> [WHAT YOU WILL DO] Up to and including the line that contains "Two silhouettes sitting", repeat each line of the data exactly, starting from the first.

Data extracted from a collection
^^^^

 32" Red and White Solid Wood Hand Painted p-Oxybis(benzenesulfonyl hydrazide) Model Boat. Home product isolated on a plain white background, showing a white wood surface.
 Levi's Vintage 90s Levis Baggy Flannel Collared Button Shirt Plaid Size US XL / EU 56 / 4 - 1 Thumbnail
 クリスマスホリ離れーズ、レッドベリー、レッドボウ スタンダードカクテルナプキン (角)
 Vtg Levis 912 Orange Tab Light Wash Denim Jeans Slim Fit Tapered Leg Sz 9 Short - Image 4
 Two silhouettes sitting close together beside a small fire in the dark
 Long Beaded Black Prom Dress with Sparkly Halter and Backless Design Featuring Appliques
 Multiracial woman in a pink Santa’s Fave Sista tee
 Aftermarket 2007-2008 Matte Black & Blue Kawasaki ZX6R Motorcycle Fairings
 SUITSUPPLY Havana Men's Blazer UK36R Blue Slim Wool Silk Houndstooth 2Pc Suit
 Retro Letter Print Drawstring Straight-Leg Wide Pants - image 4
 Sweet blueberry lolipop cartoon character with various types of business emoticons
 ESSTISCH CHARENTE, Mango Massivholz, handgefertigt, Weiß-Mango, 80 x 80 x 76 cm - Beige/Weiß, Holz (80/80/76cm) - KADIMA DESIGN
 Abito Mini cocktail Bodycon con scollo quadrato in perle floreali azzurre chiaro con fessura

^^^^

> [ANSWER TO THIS PROBLEM]
 32" Red and White Solid Wood Hand Painted p-Oxybis(benzenesulfonyl hydrazide) Model Boat. Home product isolated on a plain white background, showing a white wood surface.
 Levi's Vintage 90s Levis Baggy Flannel Collared Button Shirt Plaid Size US XL / EU 56 / 4 - 1 Thumbnail
 クリスマスホリ離れーズ、レッドベリー、レッドボウ スタンダードカクテルナプキン (角)
 Vtg Levis 912 Orange Tab Light Wash Denim Jeans Slim Fit Tapered Leg Sz 9 Short - Image 4
 Two silhouettes sitting close together beside a small fire in the dark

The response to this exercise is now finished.